Een laag FODMAP dieet kan soms nuttig zijn voor wie lijdt aan het prikkelbaredarmsyndroom. Maar hiervoor moet je wel te rade gaan bij een ervaren diëtist. Dat was een van de thema’s die werden behandeld tijdens de 20ste studiedag van de UPDLF (Union professionnelle des diététiciens de langue française) in het teken van het darmmicrobioom.
Buikpijn, winderigheid, diarree, verstopping… Bijna 4 op de 10 volwassenen krijgt te maken met darmproblemen. Bij sommigen zijn die te wijten aan het prikkelbaredarmsyndroom (PSD). Deze aandoening, die in westerse landen steeds vaker voorkomt, heeft een aanzienlijke impact op de levenskwaliteit. De belangrijkste maatregelen zijn om stress onder controle te houden en aangepast te eten, met vooral voldoende oplosbare vezels. Als die ingrepen echter niet volstaan, kan het nuttig zijn om te denken aan de etenswaren die onder de noemer FODMAP vallen (fermentable oligo-, di-, monosaccharides and polyols): fermenteerbare koolhydraten en polyolen die overmatige gasvorming kunnen veroorzaken in de darmen. Een eetpatroon dat weinig van die FODMAP-etenswaren bevat (zoals ontwikkeld aan de Monash University in Melbourne) kan een interessante piste betekenen. Maar diëtiste Jo Mons waarschuwde tijdens haar presentatie tijdens de studiedag al dat patiënten vaak dokter Google raadplegen en in de eliminatiefase blijven zitten, een eerste fase die eigenlijk slechts 2 tot maximaal 3 weken zou mogen duren. Die beperking is er omdat een laag FODMAP dieet het microbioom bepaalde fermenteerbare substraten ontzegt, die nodig zijn voor de productie van korteketenvetzuren die een beschermend effect lijken te hebben op de darmslijmvliezen.
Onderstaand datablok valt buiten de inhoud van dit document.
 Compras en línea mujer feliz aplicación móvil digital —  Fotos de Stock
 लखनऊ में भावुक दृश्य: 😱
Meer leesvoer : Prikkelbaredarmsyndroom: paradoxale fermentatie
Een gestandaardiseerde benadering van FODMAP
Bij de eerste consultatie wordt een voorgeschiedenis afgenomen, die binnen een Vlaams netwerk van diëtisten is gestandaardiseerd. Op basis daarvan kunnen de verkregen resultaten worden verzameld en geanalyseerd. Patiënten geven hun fysieke klachten een score van 1 tot 10. Als advies over leef- en voedingsgewoonten de winderigheid niet verbetert, en het ook niet voldoende helpt om stress onder controle te houden, kan een laag FODMAP dieet een mogelijkheid zijn. Maar in bepaalde gevallen (bijvoorbeeld als de flatulentie niet abnormaal is of er een heel onevenwichtig voedingspatroon bestaat) beginnen we met een herbalancering van de voeding.
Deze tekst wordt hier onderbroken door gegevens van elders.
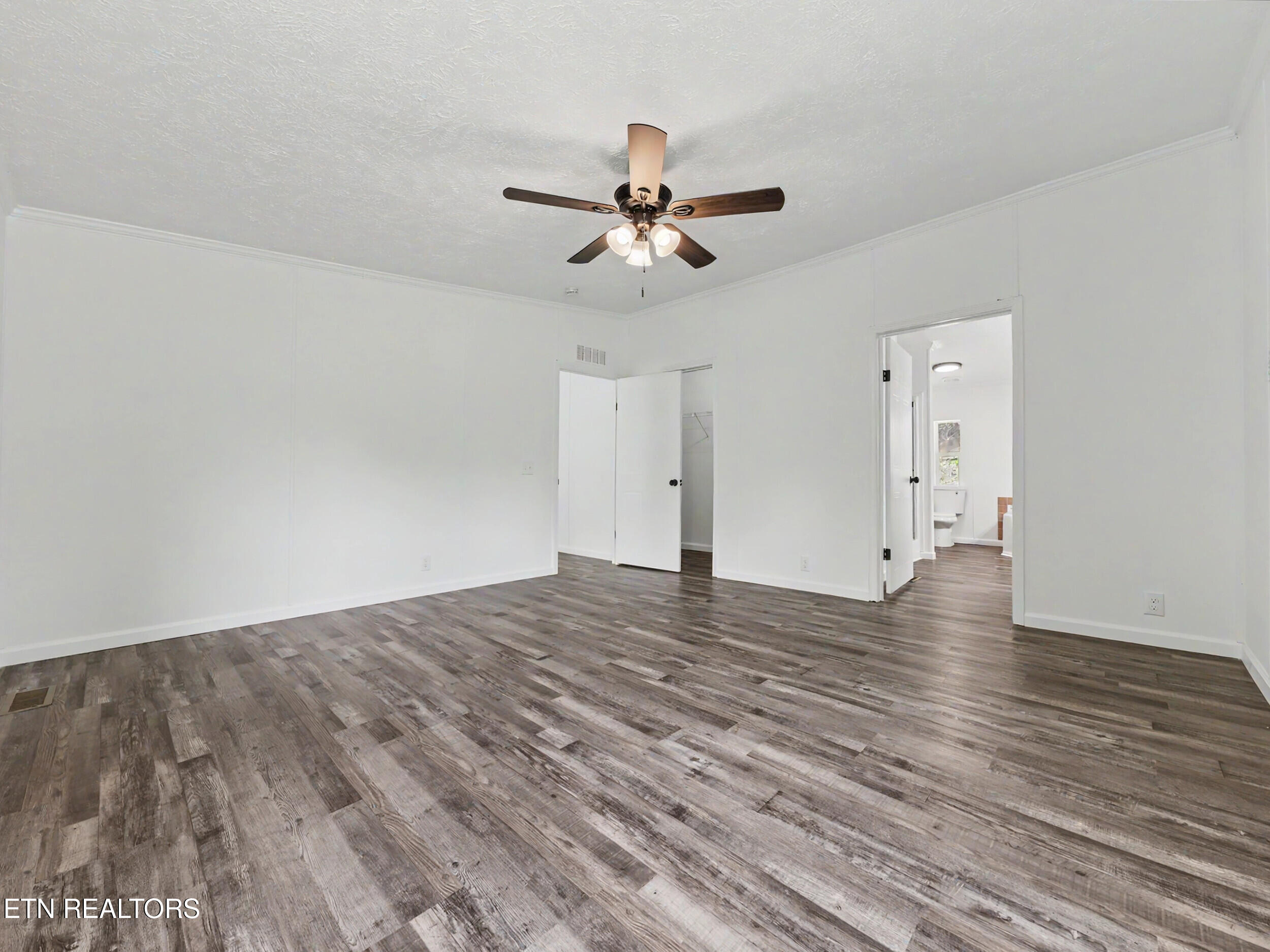736 Buck Creek Road Kingston TN 37763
Als een laag FODMAP dieet gestart wordt, worden de symptomen na 2-3 weken beperkte voeding opnieuw geëvalueerd. Als de symptomen niet zijn verbeterd, wordt het dieet stopgezet. Als er wel verbetering merkbaar is, is het nu tijd voor de herintroductiefase, waarin bepaalde voedingsmiddelen telkens 3 dagen lang worden uitgetest.
Meer leesvoer: Prikkelbare darm: is het nodig om gluten te vermijden?
Zo gevarieerd mogelijk eten
De herintroductie begint met kleine porties, omdat tolerantie ook afhankelijk is van de geconsumeerde hoeveelheid van de voedingsmiddelen die FODMAPs bevatten en van persoon tot persoon verschilt. Tijdens de daaropvolgende raadplegingen kunnen er zo nodig aanpassingen worden gedaan, zodat alleen de oorzaak van de fysieke klacht of een te hoge dosis ervan wordt vermeden, en de persoon zo gevarieerd mogelijk kan eten.
Jo Mons heeft bijgedragen aan de ontwikkeling van het netwerk Fodmapp (www.fodmapp.be), dat tientallen diëtisten in Vlaanderen verenigt en uitgebreide tools en een applicatie biedt om het laag FODMAP dieet te beheren. Uit een evaluatie van 230 patiënten, waarvan 80% vrouwen, is gebleken dat deze aanpak effectief is voor buikpijn, winderigheid, een brommende buik, en uiteindelijk ook de levenskwaliteit. Jo Mons onderstreept hierbij nog eens het belang van een diëtist bij het opstarten van een laag FODMAP dieet, en om deze aanpak correct toe te passen.
Source
Presentatie van Jo Mons op de 20e studiedag van UPDLF in Charleroi, 22 februari 2024.